Муром: А вот не надо лазить туда, куда тебя никто не просил
Глава 12
Ха! Есть контакт! Ожил чат с отцом.
Муром: А вот не надо лазить туда, куда тебя никто не просил. Отдаю должное твоей изобретательности, но не надо
Муром: За новость про кристаллы – спасибо. Я не сомневался, что они хороши, но подтверждения получать приятно
Муром: Не ищи нас. Все в порядке. Мама с бабушкой передают привет. Дед сам знаешь где
Риц: Супер
Я еле успел вставить реплику, как чат снова уснул. Вот и хорошо, вот и замечательно. Теперь некоторое время я буду спокоен. Как говорила мама, надо знать, что все в порядке – вот я и знаю. Я отлип от стены и перегрузил себя в лабу трилобитов.

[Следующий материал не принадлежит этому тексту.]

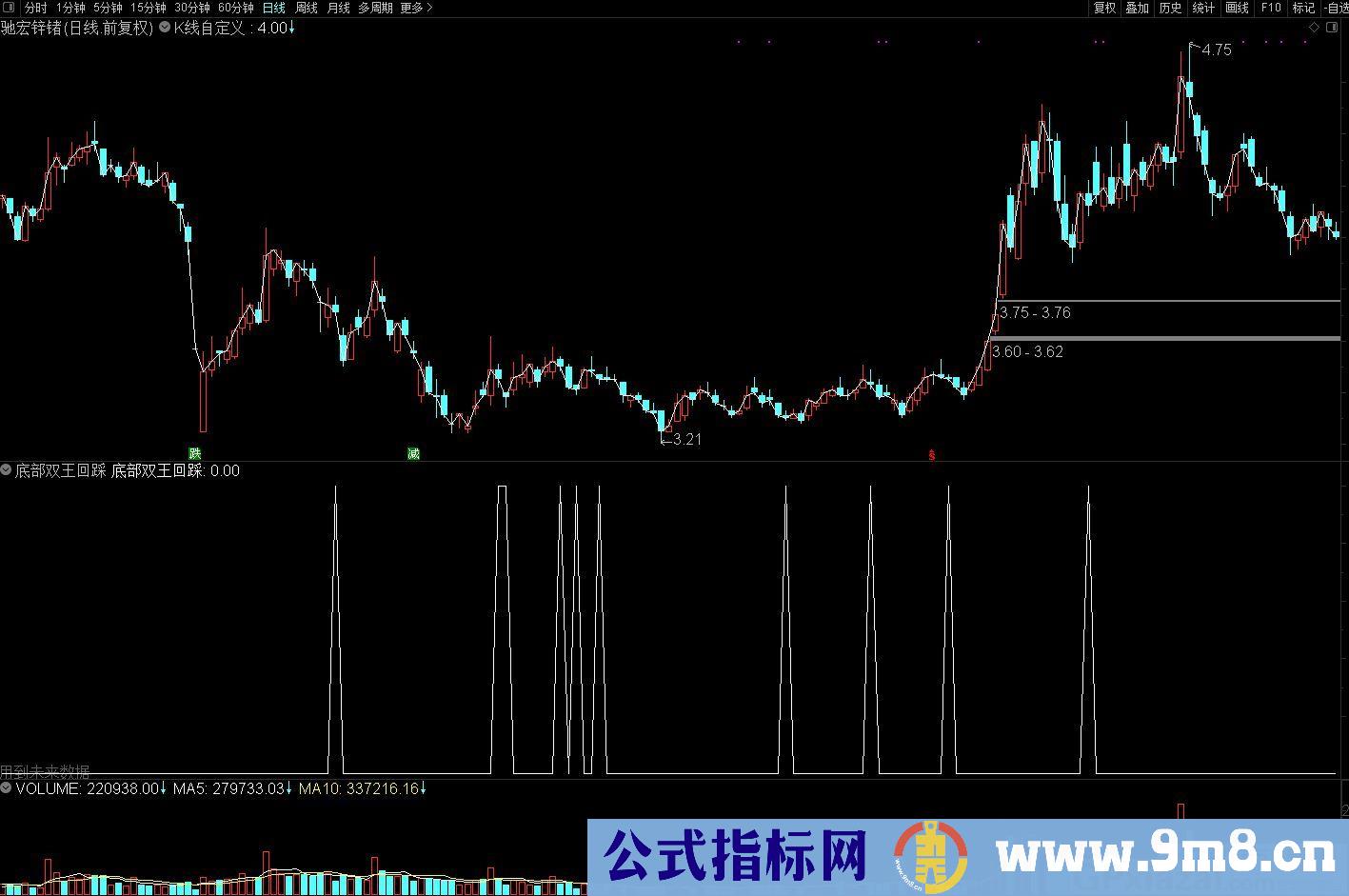 王牌柱战法 底部双王回踩 通达信副图/选股指标 源码 贴图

В лабе мы сидели втроем: Швед, Хмарь и я, остальные или учились, или были в основной лабе инкубатора. Швед затребовал, чтобы я заполнил журнал не только сделанными работами, но и теми, что в процессе. И я целый час пыхтел, пытаясь объяснить, что же за пластырь я пытаюсь изобразить. И почему в виде кольца. Кое-как я смог выразить свою мысль, подкрепив ее ссылками на лекцию, на которой Швед и сам был.
– Я правильно понимаю, что, когда ты снабжаешь свое кольцо памятью, ты хочешь фактически изобразить стабилизатор? И надеешься, что это сработает? – уточнил Швед.
– Да. Я знаю, что ты хочешь сказать. Что я таким образом лишаю общую программу адаптивности. Потому что, если мое изделие сработает, то оно будет принудительно возвращать его к исходной форме.
– Что-то такое я и думаю, – хмыкнул Швед. – Они же подстраиваются постоянно.
– Ну вот я и хочу понять, как настроить возврат к исходным настройкам. Чтобы не убить основной концепт. У нас ведь есть данные об изменчивости, так? В течение первого года использования они не превышают 10%. В среднем.
– Но бывает иначе. Но в среднем да, ты прав.
– Вот. Я и хочу, чтобы моя нашлепка начинала работать, если объем изменений превысит 10%, а срок годности ей самой назначить месяцев десять. Кому надо, пусть новую снаряжает. И это именно временное решение, пока мы не придумаем, что делать со спонтанным разрушением элементов.
– А в форм-фактор кольца-то ты почему уперся?
– Ну не знаю. Потому что всё с чем я до сих пор работал, имело круговые контуры, на них такое колечко можно навесить. А если делать полноценный пластырь, то не знаю, куда его лепить. Но это не единственная проблема. Можно сделать и прям пленочку и ей обматывать какую-нибудь часть покрупнее. У меня другая проблема. Элемент памяти я вмонтировал, он, к счастью, норм, не надо огород городить. Но у меня проблема с передачей. Ему нужен внутренний механизм взаимодействия со всей программой, чтобы он свою память передал по всему телу системы. И его нет.
– И ты, конечно, бьешься об это дело головой?
– Мм, да… Как обычно. Сначала бьюсь, потом думаю. Но я сейчас набью вариантов и начну выбирать.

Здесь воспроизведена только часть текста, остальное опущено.